Aadhalal Kaadhal Seiveer is a superb cautionary tale of sorts with characters so real they could be your friends. It is a keenly observed work which truly captures what it means to fall in love at twenty and what could happen when one is not careful. The characters are extremely relatable and the situations they find themselves in.. scarily genuine. 

For the first time in forever, the romance doesn't feel larger than life. Karthik and Shwetha go to a college where almost everyone appears to be in some stage of a relationship. From one-side love to falling for a close friend to relationships breaking down in a matter of days.. these kids have seen it all. The fear of rejection which keeps them from expressing their deepest desires, the unforgettable sensation of getting tongue-tied around a crush, being disappointed with oneself for letting another day go by without making anything happen.. and the ultimate relief when it all miraculously works out.. Aadhalal gets it right on all counts. 

I swear I did not even know who the male lead was until a few minutes into the movie, when I had to figure it out myself. I look at Karthik and Shwetha and see reflection of people I know. Falling in love is the easy part; making a relationship work requires all the effort. Soon enough, the drug named love consumes her and she starts hiding the truth about her love life from her family.. something which she promises her Father should would never. Suseendran wisely manufactures most of the tension from this very palpable fear of getting caught. One thing leads to another and the lovers find themselves expecting a child.   

This is quite possibly the definitive story about the perils of young love in Indian middle-class context. There's this unshakable feeling that these are real people facing real problems. Once the families gets involved, the film takes an altogether different turn. The disparity does not arise out of difference in monetary status.
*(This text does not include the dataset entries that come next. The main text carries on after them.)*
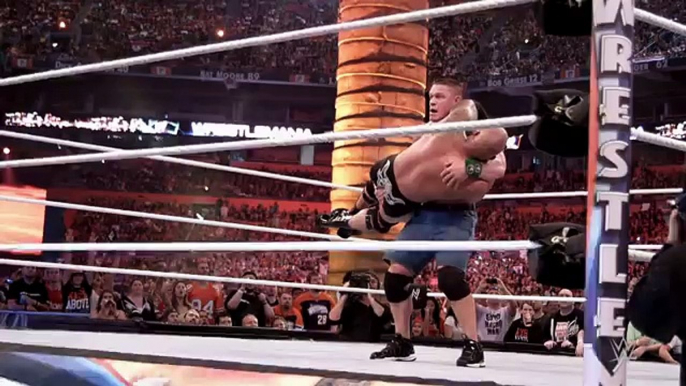 WWE John Cena gives The Rock an Attitude Adjustment at WrestleMania 28- Slow Mo Replay Full HD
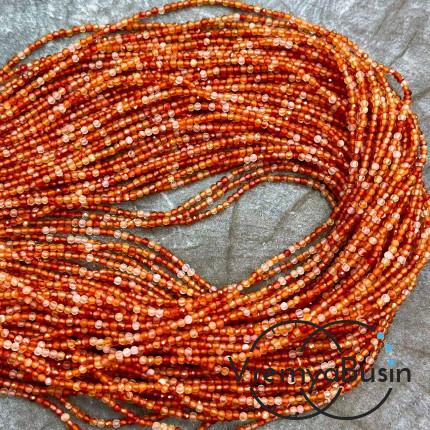 Сердолик, мелкие бусины с микроогранкой, шарик 2 мм  (нить, ок. 40 см.)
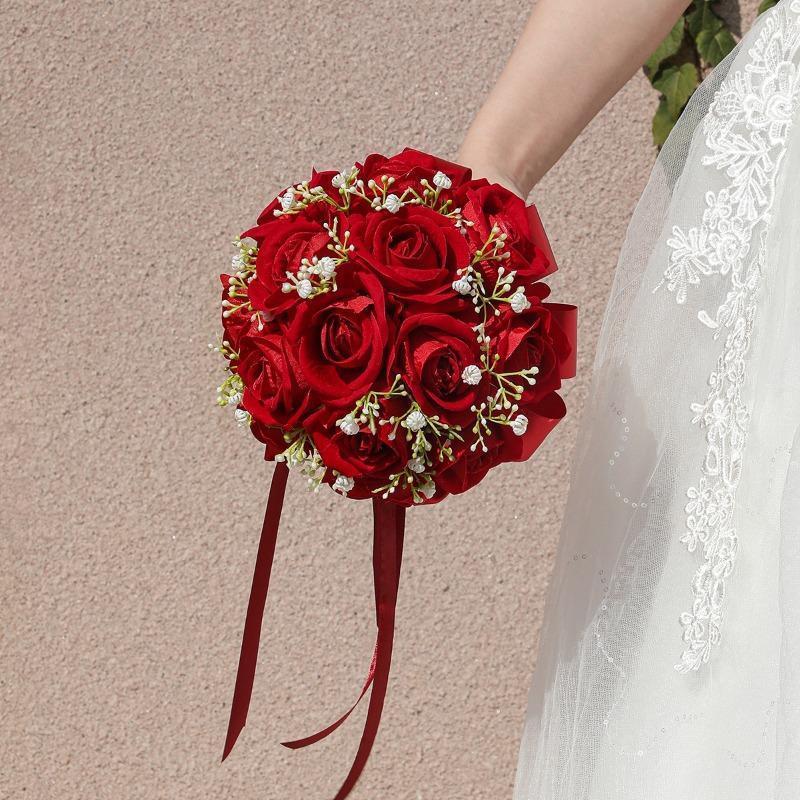 Mock Rose Bridal Bouquet Hand-Held | Artificial Wedding Flowers for Ceremony Church & Photo Shoot in Style A B C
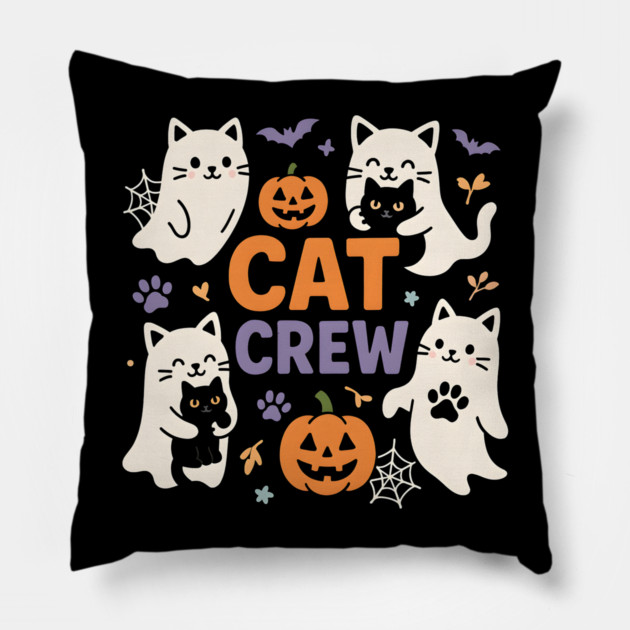 Cat Crew Halloween Ghost Cats Funny Pumpkin Graphic Pillow by MakerMind8.2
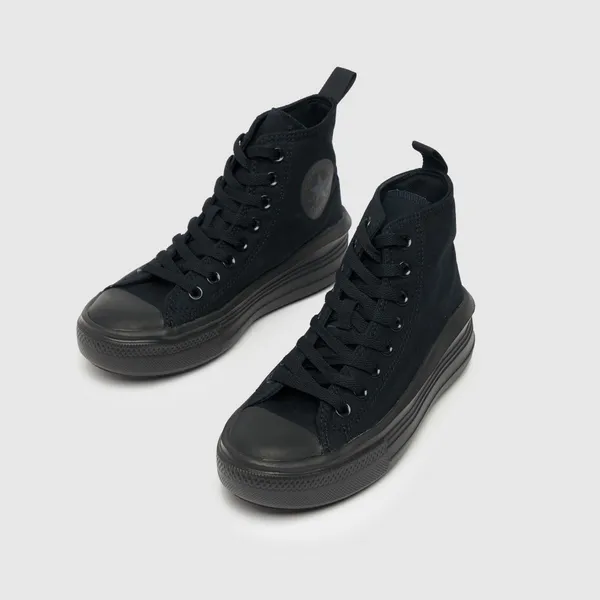 image of Converse Black all star move hi Youth trainers Black UK 5 (EU 38)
Both the families are squarely middle-class with a typical white collar breadwinner. They are all good people who think they have their child's best interest at heart. That might be true, for all we know, but as viewers, we cannot but root for the lovers to get together. The need to live up to society's unrealistic expectations from a perfect family, the oorla-thala-nimurnthu-nadaka-mudiyathu feeling and the fear of becoming outcast makes it harder for them to accept their children's choices. 
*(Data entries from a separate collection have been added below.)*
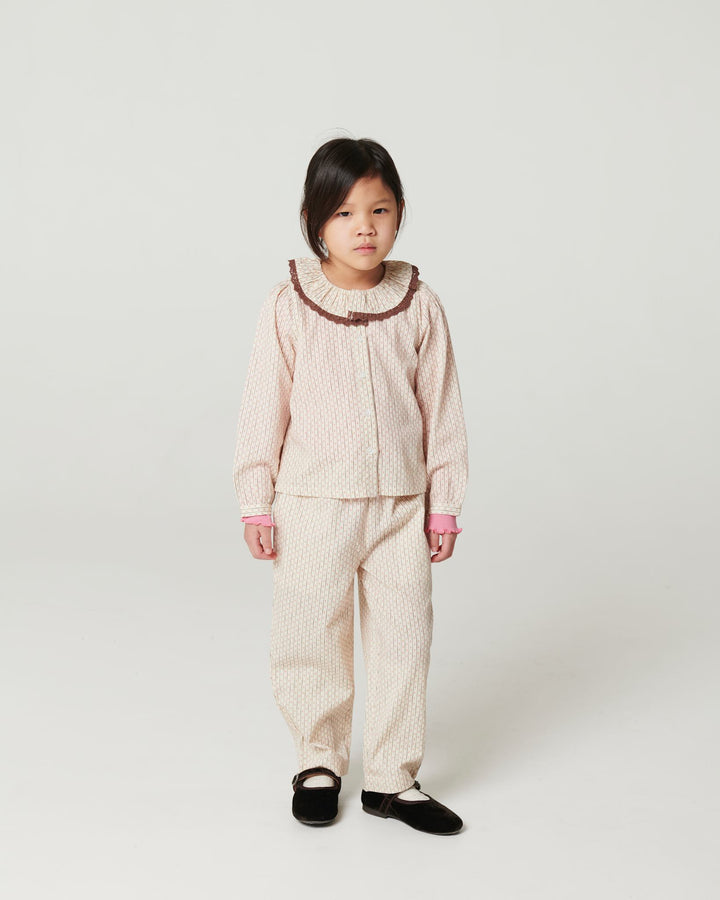 Aop Shirt w. Frill & Lace Piping - Sand Flower Print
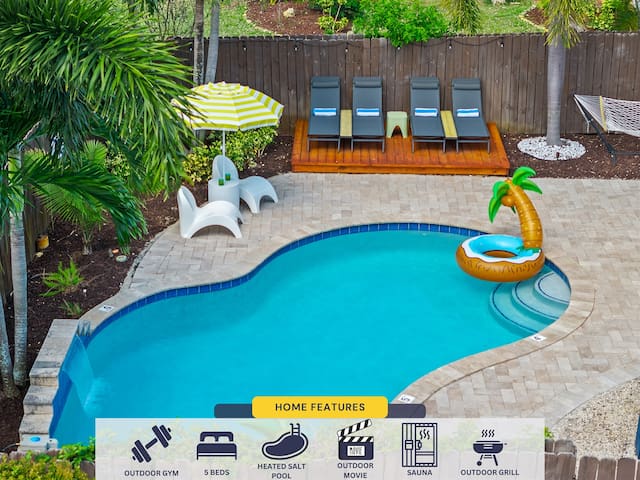 Heated Pool + Sauna + Gym + Movies Outside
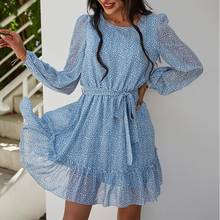 Ruffles Dot Print Women's Mini Dress With Belt Summer Chiffon Long Sleeve Female Short Dresses 2021 Spring Elegant Lady Clothes 2024 - buy cheap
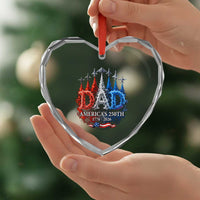 Dad USA 250th Anniversary Heart Crystal Glass Ornament Jet Fighter American Flag Father's Day 4th of July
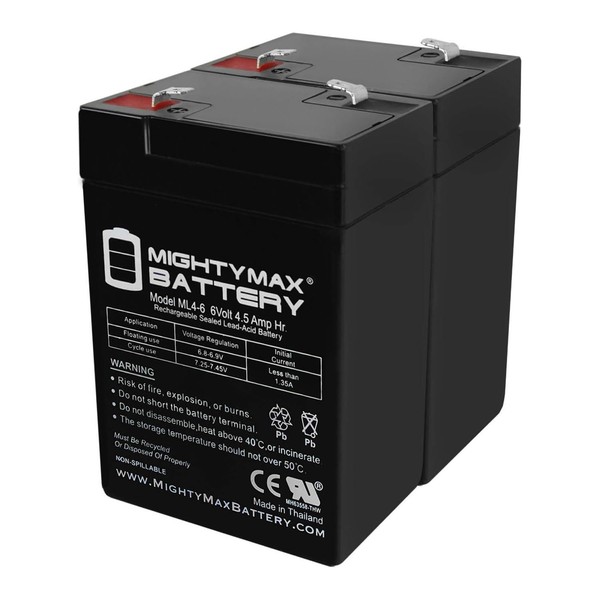 Mighty Max Battery 6V 4.5AH Replacement Battery for GS Portalac PE Alarm - 2 Pack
You can tell a lot about a person based on how they react to this film. Without going on yet another feminist rant, I will just say what I registered from the reaction of audience around me: the sexually active girl was shamed while the equally "guilty" boy was absolved.  Understanding this prevailing attitude, Suseendran tips the moral bias slightly in favor of the girl. Besides that, he lets these dynamics play out and leaves the rest upon us to draw our own judgments.  For most part of the runtime, the film walks a tightrope, carefully balancing out the blame between the lovers. It is in the final five minutes that it blindsides us with a totally unexpected emotional blow. The ripples of people's short-sighted actions continue to affect so many lives, even destroying some, and the film delivers a powerful statement on that. Although that might not have been the film's primary intention, it still becomes very thought provoking on secondary issues like 'abortion'. 

Besides being a very realistic take on young love with some really compelling drama, Suseendran's Aadhalal Kaadhal Seiveer is an important film. Sure, the final minutes could have used more subtlety and less sentimentality, but the impact is undeniable.